At the time, this wasn’t a question scientists were comfortable asking. At least not out loud.
FRANK DRAKE: (Archival audio) I think I’m here to provide the comic relief to this shindig. (Laughter)
GWIN: Frank knew his audience. He knew this question would make them squirm, even giggle. But he also knew he had to ask it.
FRANK DRAKE: (Archival audio) The question as to whether there is intelligent life elsewhere in space has long fascinated people.
GWIN: Just how long people have been wondering about life out there is anyone’s guess. Looking up into the vast ocean of stars has made us wonder since, well, forever. But, as Frank addressed that group of physicists in 1960, the question still hadn’t been given any serious scientific attention.
FRANK DRAKE: (Archival audio) It has been properly left to the science fiction writers and other nonscientific groups simply because our technology was not capable of detecting any reasonable manifestation that could be expected from other civilized communities in space.
GWIN: The infinite magnitude of space that daunted—and even terrified—so many others at the time, appeared observable to Frank.

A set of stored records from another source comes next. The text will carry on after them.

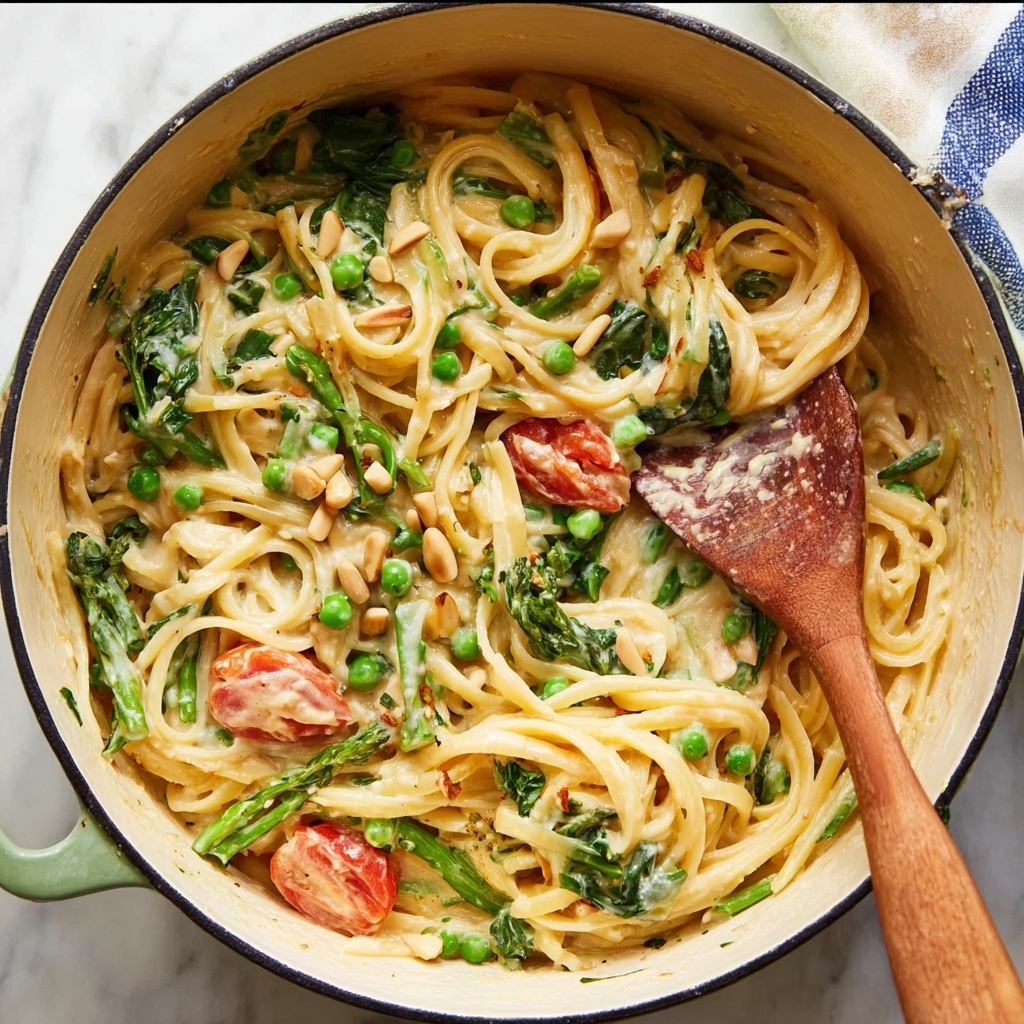 Pasta Primavera with Fresh Vegetables and Creamy Parmesan Sauce Recipe - Recipe Image
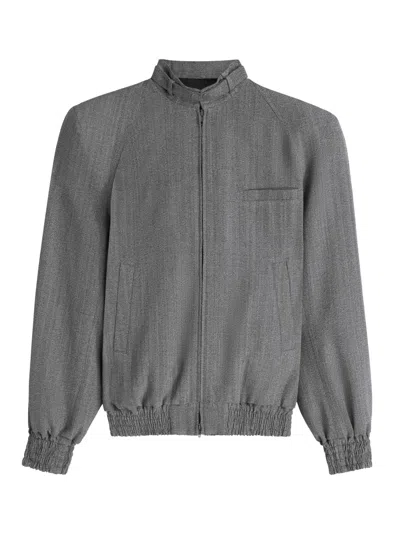 Phoebe Philo Structured Ash Grey Bomber Jacket With Shoulder Pads
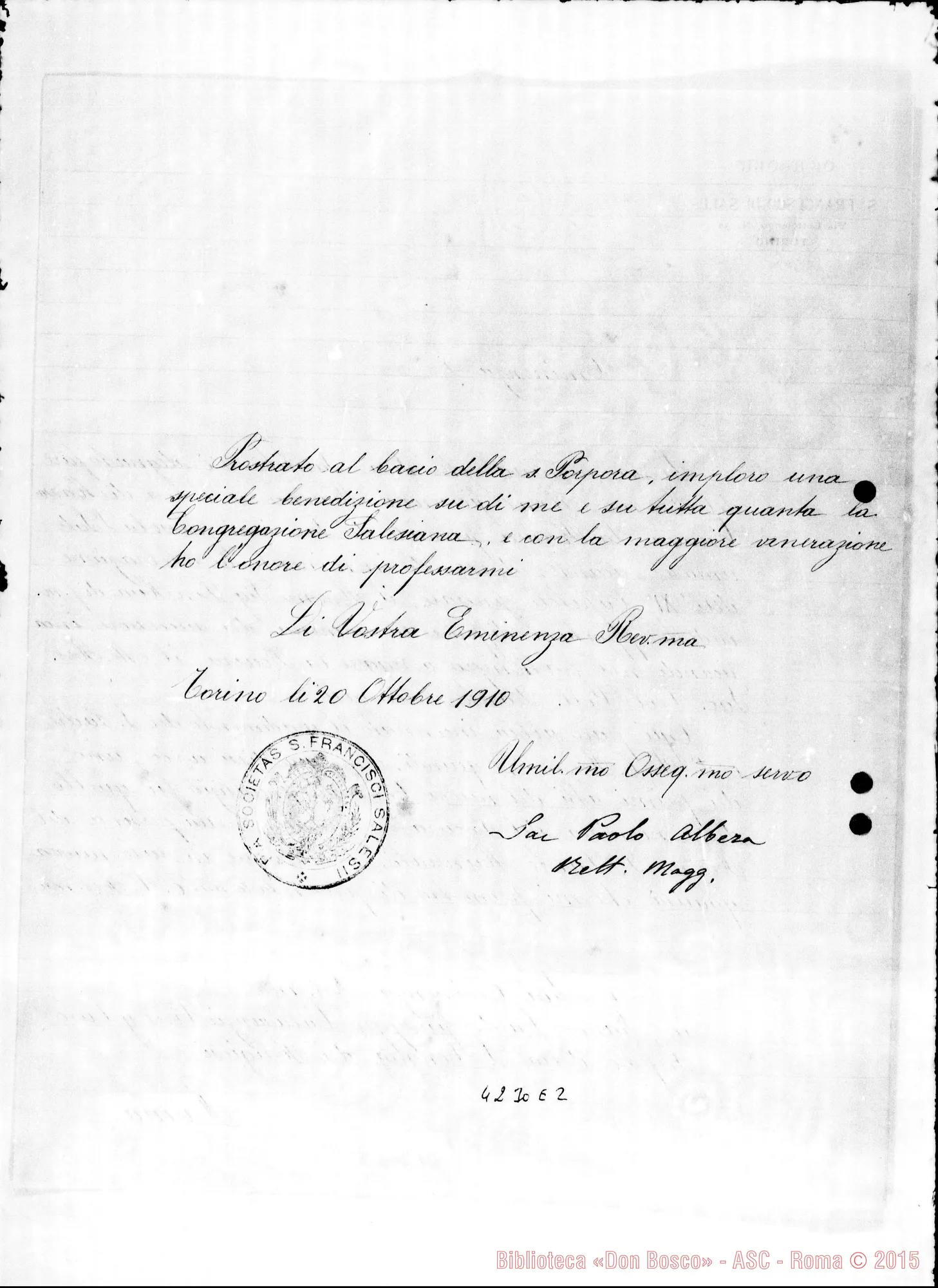 Fotogramma E 2 — Don Albera-Card. Vives y Tuto, Pref. dei W. E RR.. Su D. Munerati, il 20-10-1910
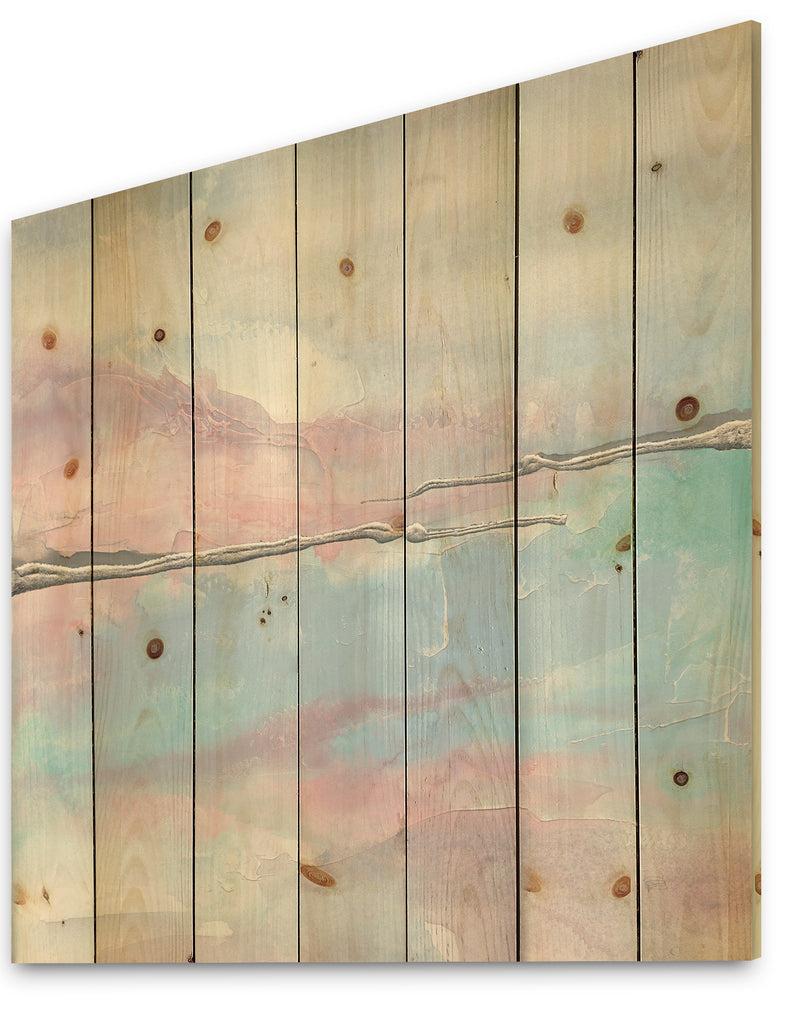 DesignQ Metallic Shabby Pink I - Shabby Chic Print On Natural Pine Wood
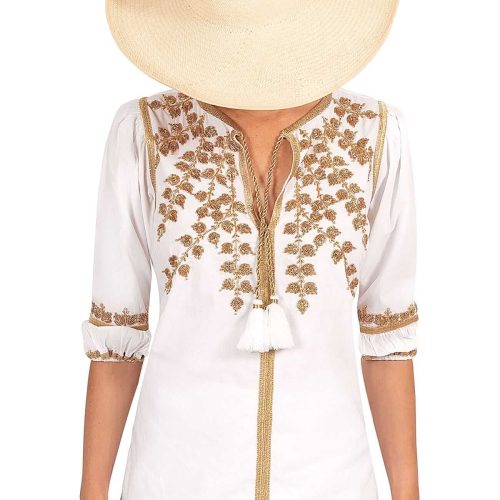 Hand Embroidered Cleopatra Tunic - La Di Da White Gold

What’s more, he asked others to observe it with him.
FRANK DRAKE: (Archival audio) In recent years, our astrophysical knowledge of the universe and our technology has advanced to the state where these questions can no longer be ignored by the scientists.
GWIN: And Frank Drake was one scientist who would no longer ignore it. In fact, at that very moment, he was on the cusp of the first ever scientific search for extraterrestrial intelligence— out at that remote site in the Allegheny Mountains, at a place called the National Radio Astronomy Observatory in Green Bank, West Virginia. It was a project that would challenge the boundary of what was considered unacceptable science.
FRANK DRAKE: (Archival audio) So this question of how many civilizations in space depends not only on the question of how many planets there are but on another very important question, and that is, Is there intelligent life on Earth? (Laughter)
GWIN: Fortunately, Frank Drake did find intelligent life on this planet—specifically, 10 highly educated, rarefied beings who wondered if they, too, were alone in the universe. And they would gather at that observatory in Green Bank, West Virginia, the very next year on Halloween night.
And our age-old question about our place in the universe would be given new meaning.
I’m Peter Gwin, editor at large at National Geographic magazine, and you’re listening to Overheard, a show where we eavesdrop on the wild conversations we have here at Nat Geo and follow them to the edges of our big, weird, beautiful world.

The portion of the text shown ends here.